The Jackets’ 56-37 loss last Tuesday was an unkind reminder that — to use a favorite word of Gregory’s — a process is under way. It had been, after all, 42 years since Tech had scored so poorly, and Maryland was Tech’s second win in 12 games and third in 17.
Were the new head coach asked to begin building his closing arguments now, as the Jackets prepare to play their final road game of the season tonight at Boston College before Saturday’s home finale against Wake Forest, he likely would point to Kammeon Holsey and Mfon Udofia.
Each might, in a different way at first, seem an odd example of growth.
Udofia remains Tech’s second-leading scorer (9.7 ppg, behind Glen Rice Jr.’s 13.0) despite going scoreless in three games this month, and he has just one more assist than turnovers — 77-76.
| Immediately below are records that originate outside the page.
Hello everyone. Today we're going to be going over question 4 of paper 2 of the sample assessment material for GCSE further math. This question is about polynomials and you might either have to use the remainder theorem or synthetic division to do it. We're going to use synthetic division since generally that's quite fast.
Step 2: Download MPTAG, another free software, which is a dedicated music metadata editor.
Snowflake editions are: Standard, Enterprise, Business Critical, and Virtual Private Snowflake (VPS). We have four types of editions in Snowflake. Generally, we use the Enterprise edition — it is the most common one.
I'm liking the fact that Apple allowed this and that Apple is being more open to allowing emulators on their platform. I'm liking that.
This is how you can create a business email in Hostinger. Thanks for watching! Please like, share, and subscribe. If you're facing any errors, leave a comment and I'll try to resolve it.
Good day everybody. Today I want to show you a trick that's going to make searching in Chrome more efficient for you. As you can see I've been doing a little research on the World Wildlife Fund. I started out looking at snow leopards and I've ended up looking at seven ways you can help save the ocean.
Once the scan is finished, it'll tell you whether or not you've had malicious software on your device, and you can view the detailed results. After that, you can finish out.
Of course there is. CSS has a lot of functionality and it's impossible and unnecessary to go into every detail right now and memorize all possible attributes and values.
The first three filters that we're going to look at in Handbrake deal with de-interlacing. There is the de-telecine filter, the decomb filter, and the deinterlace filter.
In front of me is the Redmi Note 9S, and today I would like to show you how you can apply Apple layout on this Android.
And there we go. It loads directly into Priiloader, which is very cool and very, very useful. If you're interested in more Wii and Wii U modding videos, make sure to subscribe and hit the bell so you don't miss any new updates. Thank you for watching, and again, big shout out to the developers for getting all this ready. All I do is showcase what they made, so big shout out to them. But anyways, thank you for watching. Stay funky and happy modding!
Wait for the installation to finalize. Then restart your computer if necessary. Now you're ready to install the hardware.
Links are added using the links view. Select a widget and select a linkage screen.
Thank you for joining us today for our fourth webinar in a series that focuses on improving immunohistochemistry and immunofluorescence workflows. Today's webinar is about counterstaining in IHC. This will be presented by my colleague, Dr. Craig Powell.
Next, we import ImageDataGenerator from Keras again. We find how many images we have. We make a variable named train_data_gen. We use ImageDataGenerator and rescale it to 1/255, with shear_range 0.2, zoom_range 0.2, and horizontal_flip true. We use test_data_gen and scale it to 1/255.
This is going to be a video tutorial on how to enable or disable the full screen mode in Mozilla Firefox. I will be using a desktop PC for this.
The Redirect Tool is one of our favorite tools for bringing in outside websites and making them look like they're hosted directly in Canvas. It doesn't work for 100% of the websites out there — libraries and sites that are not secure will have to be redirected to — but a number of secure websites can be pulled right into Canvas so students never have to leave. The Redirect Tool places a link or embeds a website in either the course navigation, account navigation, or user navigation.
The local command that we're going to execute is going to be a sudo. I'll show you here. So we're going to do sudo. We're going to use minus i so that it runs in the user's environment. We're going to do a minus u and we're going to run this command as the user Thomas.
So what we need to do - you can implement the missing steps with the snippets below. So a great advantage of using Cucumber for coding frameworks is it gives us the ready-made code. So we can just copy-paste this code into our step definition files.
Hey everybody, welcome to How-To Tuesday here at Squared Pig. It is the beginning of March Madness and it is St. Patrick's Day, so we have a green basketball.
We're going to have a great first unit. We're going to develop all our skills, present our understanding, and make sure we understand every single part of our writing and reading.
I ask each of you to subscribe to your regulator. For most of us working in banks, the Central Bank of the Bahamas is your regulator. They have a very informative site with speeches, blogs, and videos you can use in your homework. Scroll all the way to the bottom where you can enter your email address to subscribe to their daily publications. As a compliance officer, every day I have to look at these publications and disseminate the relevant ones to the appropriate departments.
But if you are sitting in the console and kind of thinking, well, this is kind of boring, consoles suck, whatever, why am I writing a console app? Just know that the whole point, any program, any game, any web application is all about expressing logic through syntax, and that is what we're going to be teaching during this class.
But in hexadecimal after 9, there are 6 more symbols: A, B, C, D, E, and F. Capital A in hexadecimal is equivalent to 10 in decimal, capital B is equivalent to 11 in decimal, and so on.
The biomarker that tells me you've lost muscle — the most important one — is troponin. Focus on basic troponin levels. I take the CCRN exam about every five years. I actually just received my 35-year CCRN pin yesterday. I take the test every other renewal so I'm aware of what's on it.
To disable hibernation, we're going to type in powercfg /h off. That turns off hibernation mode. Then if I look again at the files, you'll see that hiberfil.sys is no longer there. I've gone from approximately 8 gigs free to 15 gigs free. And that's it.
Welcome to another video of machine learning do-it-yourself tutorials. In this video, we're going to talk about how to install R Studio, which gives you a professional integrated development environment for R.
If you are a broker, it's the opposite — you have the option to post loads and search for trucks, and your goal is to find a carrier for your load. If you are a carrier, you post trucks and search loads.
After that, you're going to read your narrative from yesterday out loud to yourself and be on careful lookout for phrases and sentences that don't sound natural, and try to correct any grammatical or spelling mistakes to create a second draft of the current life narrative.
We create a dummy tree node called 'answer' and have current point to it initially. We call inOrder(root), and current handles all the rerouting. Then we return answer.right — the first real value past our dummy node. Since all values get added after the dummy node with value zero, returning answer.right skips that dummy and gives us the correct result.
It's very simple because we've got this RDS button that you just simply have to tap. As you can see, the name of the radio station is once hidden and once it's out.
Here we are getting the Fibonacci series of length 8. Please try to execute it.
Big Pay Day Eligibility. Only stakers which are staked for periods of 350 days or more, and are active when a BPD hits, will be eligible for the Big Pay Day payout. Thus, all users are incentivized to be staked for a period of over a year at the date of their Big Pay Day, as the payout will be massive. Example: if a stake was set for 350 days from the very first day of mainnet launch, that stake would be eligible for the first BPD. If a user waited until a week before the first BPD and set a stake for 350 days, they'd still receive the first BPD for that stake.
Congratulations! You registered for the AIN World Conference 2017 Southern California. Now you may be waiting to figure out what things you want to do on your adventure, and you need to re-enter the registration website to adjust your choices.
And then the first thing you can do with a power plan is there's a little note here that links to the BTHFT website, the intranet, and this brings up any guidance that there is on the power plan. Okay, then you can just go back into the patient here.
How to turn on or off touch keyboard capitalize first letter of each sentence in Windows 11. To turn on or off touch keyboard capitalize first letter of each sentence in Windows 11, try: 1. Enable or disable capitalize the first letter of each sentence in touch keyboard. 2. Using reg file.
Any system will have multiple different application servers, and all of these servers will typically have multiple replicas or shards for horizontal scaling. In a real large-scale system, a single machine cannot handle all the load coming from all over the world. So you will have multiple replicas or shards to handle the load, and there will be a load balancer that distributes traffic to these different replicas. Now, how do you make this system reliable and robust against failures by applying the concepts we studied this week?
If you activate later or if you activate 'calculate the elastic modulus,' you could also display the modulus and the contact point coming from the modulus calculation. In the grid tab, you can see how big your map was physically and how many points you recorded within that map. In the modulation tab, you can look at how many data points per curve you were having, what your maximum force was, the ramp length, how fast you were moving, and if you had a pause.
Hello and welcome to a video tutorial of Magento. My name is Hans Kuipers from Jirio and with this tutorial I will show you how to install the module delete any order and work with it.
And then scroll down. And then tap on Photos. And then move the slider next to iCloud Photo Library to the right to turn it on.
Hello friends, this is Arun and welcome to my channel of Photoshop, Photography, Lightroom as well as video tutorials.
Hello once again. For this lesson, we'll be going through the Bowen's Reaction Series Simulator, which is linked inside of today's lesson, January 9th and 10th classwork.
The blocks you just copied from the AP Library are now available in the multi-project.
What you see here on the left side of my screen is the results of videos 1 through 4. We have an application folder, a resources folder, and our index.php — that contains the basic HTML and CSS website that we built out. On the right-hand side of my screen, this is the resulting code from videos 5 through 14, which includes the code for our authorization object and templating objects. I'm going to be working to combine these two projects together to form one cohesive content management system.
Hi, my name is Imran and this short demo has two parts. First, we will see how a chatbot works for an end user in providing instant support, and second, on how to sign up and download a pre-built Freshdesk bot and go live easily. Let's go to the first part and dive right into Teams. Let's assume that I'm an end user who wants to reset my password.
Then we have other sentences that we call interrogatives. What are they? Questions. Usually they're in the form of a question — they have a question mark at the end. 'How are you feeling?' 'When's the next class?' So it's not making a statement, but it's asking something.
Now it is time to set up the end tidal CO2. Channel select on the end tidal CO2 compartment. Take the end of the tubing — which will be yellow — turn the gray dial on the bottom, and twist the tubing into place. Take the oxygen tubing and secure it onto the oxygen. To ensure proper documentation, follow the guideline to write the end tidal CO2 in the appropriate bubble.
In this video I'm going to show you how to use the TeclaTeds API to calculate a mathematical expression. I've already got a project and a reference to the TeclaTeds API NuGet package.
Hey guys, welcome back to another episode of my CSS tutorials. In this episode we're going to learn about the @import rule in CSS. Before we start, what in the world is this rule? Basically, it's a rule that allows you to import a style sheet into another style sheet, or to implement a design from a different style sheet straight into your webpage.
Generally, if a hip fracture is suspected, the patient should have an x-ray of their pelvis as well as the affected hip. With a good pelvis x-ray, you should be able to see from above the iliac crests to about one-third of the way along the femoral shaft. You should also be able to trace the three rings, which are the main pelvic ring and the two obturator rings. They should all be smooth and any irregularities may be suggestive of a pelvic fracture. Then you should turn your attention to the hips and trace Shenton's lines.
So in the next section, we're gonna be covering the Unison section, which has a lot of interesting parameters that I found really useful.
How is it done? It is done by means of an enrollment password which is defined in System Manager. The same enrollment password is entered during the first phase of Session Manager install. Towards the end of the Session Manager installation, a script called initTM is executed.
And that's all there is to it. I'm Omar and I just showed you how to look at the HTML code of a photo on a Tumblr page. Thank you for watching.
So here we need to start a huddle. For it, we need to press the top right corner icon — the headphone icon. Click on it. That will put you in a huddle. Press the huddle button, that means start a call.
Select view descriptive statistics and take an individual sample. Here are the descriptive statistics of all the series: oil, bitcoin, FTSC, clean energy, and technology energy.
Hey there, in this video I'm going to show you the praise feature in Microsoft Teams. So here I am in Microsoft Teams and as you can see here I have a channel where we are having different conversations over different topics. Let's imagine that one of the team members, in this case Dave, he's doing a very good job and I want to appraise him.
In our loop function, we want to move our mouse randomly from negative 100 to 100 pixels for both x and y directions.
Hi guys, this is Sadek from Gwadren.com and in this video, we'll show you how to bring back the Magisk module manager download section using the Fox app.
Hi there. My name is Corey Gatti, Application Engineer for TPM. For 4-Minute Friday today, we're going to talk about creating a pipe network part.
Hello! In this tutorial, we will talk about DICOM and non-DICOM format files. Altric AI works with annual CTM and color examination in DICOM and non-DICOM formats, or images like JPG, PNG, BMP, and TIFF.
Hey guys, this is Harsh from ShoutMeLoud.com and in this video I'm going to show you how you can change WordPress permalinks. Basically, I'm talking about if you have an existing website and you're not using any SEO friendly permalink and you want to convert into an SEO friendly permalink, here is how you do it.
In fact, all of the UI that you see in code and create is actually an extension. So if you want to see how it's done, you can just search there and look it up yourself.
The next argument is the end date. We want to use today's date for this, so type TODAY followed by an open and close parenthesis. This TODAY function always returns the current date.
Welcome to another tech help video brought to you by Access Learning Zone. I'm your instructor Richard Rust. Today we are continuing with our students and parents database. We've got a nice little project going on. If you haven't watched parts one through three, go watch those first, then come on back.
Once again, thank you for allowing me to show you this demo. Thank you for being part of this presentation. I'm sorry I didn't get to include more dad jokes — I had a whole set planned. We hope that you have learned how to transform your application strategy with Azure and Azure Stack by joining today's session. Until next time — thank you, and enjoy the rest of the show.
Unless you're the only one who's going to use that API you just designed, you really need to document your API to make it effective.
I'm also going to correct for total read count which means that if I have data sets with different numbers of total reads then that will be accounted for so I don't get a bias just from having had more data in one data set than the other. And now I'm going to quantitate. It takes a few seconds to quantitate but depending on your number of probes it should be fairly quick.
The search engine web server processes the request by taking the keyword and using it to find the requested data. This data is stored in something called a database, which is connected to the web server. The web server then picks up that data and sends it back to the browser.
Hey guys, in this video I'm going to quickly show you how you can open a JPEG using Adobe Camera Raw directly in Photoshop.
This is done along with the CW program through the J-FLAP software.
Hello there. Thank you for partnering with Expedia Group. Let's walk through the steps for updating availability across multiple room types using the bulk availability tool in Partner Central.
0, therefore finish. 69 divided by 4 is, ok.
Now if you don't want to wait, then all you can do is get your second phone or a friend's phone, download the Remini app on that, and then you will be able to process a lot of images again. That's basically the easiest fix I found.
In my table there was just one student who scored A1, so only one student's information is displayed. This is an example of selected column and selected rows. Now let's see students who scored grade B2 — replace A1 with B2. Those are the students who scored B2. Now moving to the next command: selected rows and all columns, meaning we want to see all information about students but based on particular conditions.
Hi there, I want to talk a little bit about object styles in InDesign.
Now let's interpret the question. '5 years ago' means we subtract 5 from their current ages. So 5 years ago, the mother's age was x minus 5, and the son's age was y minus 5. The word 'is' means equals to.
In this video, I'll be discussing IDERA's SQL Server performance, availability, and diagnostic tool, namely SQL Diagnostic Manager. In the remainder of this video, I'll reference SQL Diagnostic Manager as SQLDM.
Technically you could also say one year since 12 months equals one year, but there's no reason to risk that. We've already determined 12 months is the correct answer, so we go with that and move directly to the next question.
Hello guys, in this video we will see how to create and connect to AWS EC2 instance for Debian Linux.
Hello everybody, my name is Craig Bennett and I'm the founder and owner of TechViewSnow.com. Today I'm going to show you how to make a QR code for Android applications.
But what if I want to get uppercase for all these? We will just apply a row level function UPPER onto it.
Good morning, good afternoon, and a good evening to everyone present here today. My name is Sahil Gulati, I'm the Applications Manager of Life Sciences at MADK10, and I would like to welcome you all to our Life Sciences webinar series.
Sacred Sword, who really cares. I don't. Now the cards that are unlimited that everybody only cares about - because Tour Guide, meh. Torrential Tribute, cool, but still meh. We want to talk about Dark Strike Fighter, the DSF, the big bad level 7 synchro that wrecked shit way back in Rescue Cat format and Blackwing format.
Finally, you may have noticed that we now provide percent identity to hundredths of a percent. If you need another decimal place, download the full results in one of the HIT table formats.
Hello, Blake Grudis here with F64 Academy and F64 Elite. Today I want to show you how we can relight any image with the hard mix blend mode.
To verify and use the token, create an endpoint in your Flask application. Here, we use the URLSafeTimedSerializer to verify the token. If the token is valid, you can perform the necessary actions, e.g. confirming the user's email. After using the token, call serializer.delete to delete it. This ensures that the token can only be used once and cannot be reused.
Holsey has been the Jackets’ most dynamic offensive player. He’s made 59.9 percent of his shots this season, yet has had substantial issues in two areas: turnovers and foul trouble.
Both, however, have been demonstrably better of late at doing what Gregory wants.
Holsey turned in the first double-double of his career with 16 points and a career-high 10 rebounds against Maryland.
Udofia registered a career-high nine assists in that game, against three turnovers, and helped harass the ACC’s leading scorer, Terrapins guard Terrell Stoglin, into a 5-for-17 shooting day.
Only now, after 28 games, has the Tech point guard pushed his assist total past his turnover mark.
Look closer, though, and you’ll see that Udofia has 28 assists and 14 turnovers in the Jackets’ past six games. His ACC assist-to-turnover numbers are 44-33.
It’s not easy to re-make a young player with a score-first mentality (Udofia averaged 13.8 points over the Jackets’ first five games even in modest minutes) into a quarterback/distributor who still finds the basket at times.
“It just a growth within the season that has been a pleasure to watch,” Gregory said on Monday’s ACC teleconference. “There are still some backslides once in a while, but [he’s] just getting a better feel for the decision-making that needs to be done.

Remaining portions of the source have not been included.